Input records

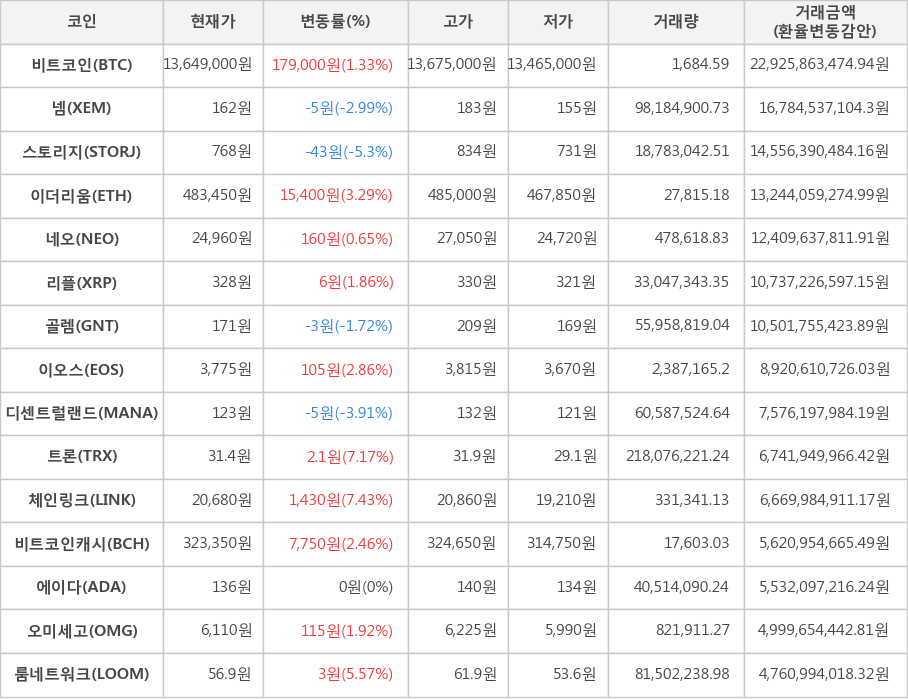 비트코인, 넴, 스토리지, 이더리움, 네오, 리플, 골렘, 이오스, 디센트럴랜드, 트론, 체인링크, 비트코인캐시, 에이다, 오미세고, 룸네트워크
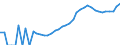 Indicator: Housing Inventory: Active Listing Count: ounty, MA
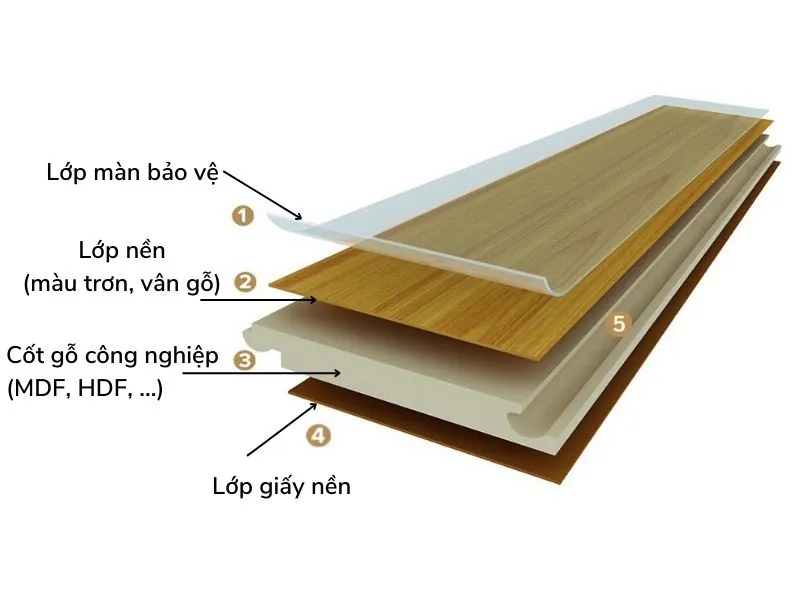 Cấu tạo gỗ MDF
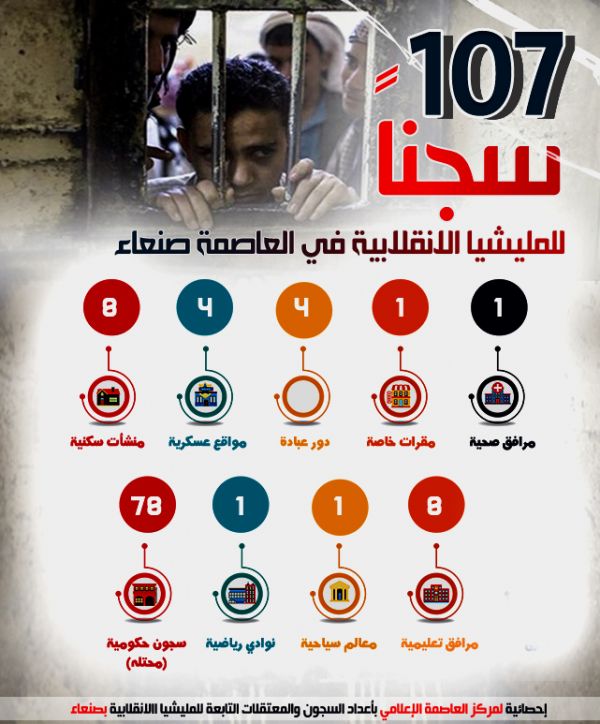 مركز العاصمة الاعلامي يكشف عن أكثر من 100 سجناً للانقلابيين في صنعاء بينها سجون سرّية  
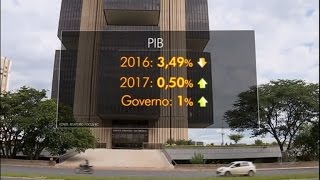 Mercado segue pessimista e projeta discreto crescimento na economia em 2017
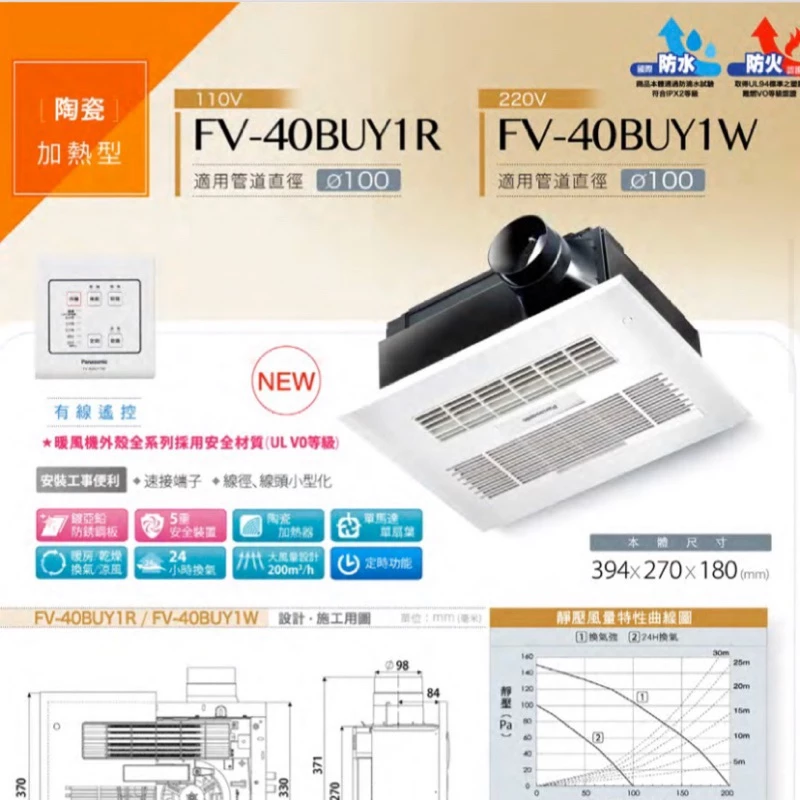 寒冬洗澡不再皮皮挫!給家人最溫暖的五重防護:Panasonic 國際牌 220V 浴室換氣暖風機 FV-40BUY1W 深度解析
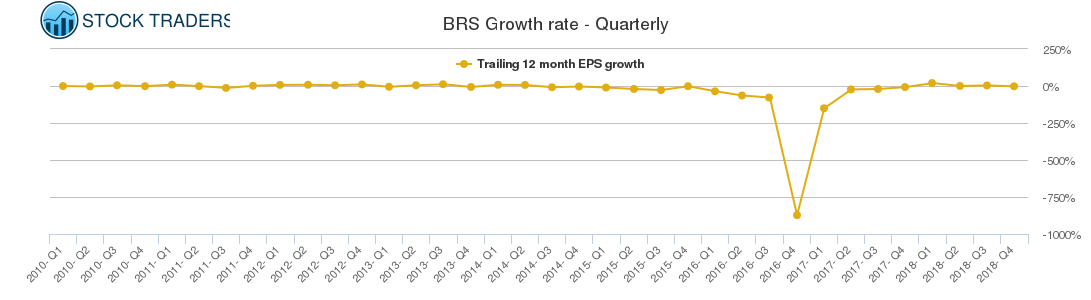 BRS Growth rate - Quarterly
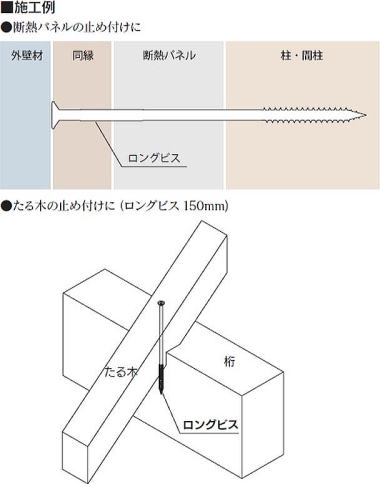 ロングビス 施工例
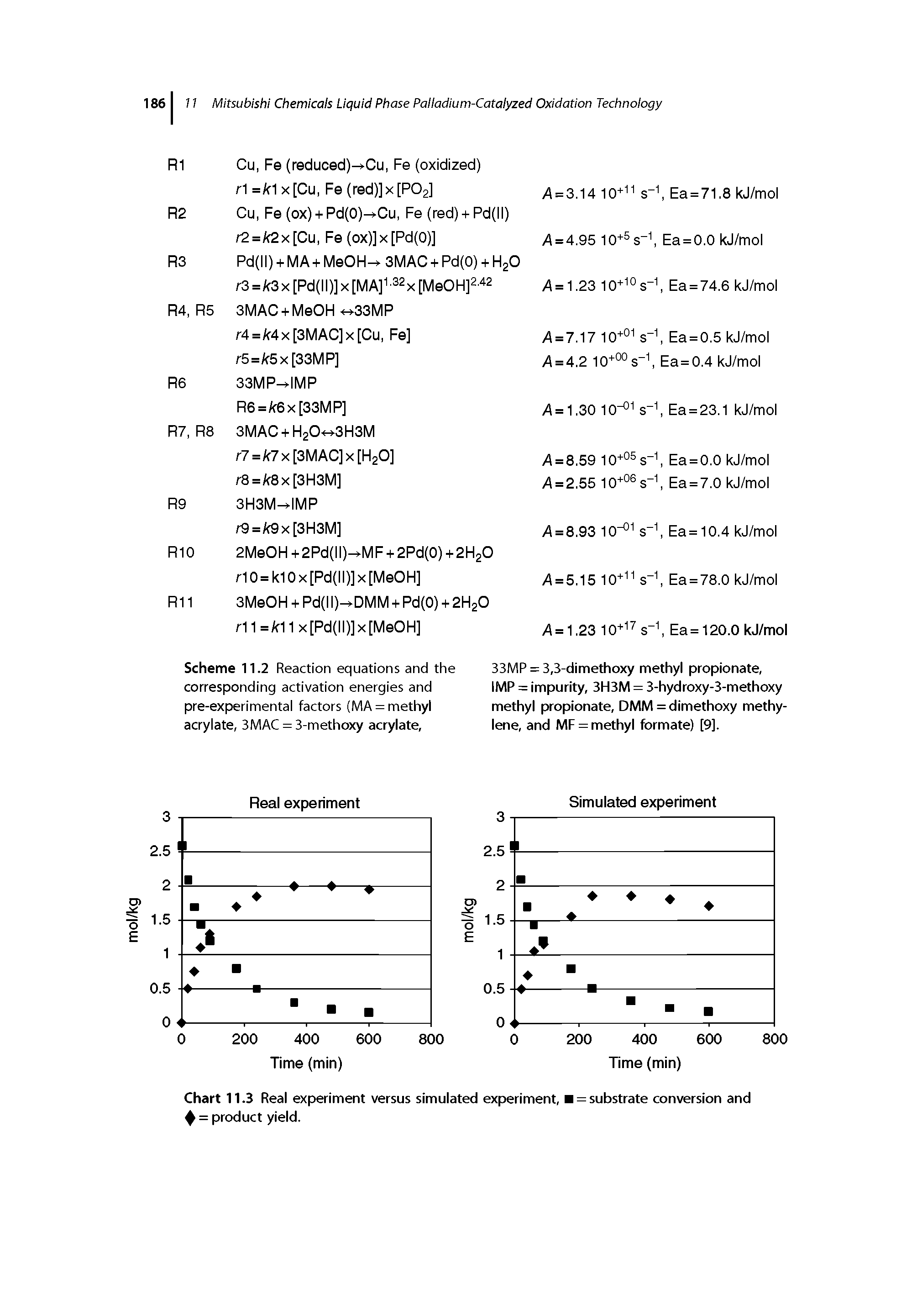 Scheme 11.2 Reaction equations and the corresponding activation energies and pre-experimental factors (MA = methyl acrylate, 3MAC = 3-methoxy acrylate.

Prompt
Each entry must be retyped word for word, with every image omitted.

Exercise result
 비트코인, 넴, 스토리지, 이더리움, 네오, 리플, 골렘, 이오스, 디센트럴랜드, 트론, 체인링크, 비트코인캐시, 에이다, 오미세고, 룸네트워크
 Indicator: Housing Inventory: Active Listing Count: ounty, MA
 Cấu tạo gỗ MDF
 مركز العاصمة الاعلامي يكشف عن أكثر من 100 سجناً للانقلابيين في صنعاء بينها سجون سرّية  
 Mercado segue pessimista e projeta discreto crescimento na economia em 2017
 寒冬洗澡不再皮皮挫!給家人最溫暖的五重防護:Panasonic 國際牌 220V 浴室換氣暖風機 FV-40BUY1W 深度解析
 BRS Growth rate - Quarterly
 ロングビス 施工例
 Scheme 11.2 Reaction equations and the corresponding activation energies and pre-experimental factors (MA = methyl acrylate, 3MAC = 3-methoxy acrylate.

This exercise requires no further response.